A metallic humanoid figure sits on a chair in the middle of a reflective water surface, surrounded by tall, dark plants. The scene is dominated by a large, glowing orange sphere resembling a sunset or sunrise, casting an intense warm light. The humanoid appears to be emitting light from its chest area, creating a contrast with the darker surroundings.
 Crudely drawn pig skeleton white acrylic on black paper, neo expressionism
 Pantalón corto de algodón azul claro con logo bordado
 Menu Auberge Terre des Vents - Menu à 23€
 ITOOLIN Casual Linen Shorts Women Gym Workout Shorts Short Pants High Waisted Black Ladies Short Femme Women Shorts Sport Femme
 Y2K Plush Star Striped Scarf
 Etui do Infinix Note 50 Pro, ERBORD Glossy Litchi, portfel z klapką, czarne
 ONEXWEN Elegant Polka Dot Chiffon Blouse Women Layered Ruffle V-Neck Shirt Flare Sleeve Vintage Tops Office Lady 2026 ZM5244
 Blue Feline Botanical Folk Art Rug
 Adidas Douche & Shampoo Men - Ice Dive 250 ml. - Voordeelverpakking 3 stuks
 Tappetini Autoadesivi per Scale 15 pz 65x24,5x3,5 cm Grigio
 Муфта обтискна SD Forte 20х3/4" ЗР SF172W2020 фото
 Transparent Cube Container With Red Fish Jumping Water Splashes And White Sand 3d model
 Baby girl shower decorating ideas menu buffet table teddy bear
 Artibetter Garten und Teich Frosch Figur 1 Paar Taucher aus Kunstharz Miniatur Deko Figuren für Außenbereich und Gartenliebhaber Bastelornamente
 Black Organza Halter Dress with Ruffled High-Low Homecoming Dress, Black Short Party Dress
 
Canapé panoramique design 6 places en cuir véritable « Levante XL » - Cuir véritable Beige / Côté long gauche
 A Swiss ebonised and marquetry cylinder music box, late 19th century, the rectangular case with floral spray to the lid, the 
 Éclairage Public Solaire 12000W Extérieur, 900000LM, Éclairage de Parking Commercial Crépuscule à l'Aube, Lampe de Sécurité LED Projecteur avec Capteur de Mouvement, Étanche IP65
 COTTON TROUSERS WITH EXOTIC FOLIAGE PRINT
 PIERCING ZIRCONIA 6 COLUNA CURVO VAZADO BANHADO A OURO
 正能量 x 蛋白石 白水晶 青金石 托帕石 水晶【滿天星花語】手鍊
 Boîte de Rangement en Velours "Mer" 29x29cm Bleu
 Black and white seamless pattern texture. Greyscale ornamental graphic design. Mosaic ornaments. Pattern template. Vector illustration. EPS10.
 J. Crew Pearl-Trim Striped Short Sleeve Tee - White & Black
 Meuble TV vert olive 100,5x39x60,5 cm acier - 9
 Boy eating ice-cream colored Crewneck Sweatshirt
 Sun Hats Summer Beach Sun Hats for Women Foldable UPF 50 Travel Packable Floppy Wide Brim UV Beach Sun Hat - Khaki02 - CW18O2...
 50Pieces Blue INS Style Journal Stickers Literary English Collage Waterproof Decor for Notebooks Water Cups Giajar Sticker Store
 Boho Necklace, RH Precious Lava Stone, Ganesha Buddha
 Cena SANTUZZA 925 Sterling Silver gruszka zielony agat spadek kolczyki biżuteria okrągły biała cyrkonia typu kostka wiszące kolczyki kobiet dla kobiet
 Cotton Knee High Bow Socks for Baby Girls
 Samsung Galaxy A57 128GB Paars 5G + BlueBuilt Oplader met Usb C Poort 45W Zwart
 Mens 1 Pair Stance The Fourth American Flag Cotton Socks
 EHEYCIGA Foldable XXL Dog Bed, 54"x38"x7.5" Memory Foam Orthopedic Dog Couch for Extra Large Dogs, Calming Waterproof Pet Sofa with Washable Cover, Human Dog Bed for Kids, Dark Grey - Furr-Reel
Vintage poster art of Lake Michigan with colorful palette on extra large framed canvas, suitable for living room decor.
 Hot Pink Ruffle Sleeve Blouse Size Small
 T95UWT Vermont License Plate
::::
Exercise directions:
All lines from the one that holds "Samsung Galaxy A57" through the end of the material, both ends included, should be restated exactly.

Response to the exercise:
 Samsung Galaxy A57 128GB Paars 5G + BlueBuilt Oplader met Usb C Poort 45W Zwart
 Mens 1 Pair Stance The Fourth American Flag Cotton Socks
 EHEYCIGA Foldable XXL Dog Bed, 54"x38"x7.5" Memory Foam Orthopedic Dog Couch for Extra Large Dogs, Calming Waterproof Pet Sofa with Washable Cover, Human Dog Bed for Kids, Dark Grey - Furr-Reel
Vintage poster art of Lake Michigan with colorful palette on extra large framed canvas, suitable for living room decor.
 Hot Pink Ruffle Sleeve Blouse Size Small
 T95UWT Vermont License Plate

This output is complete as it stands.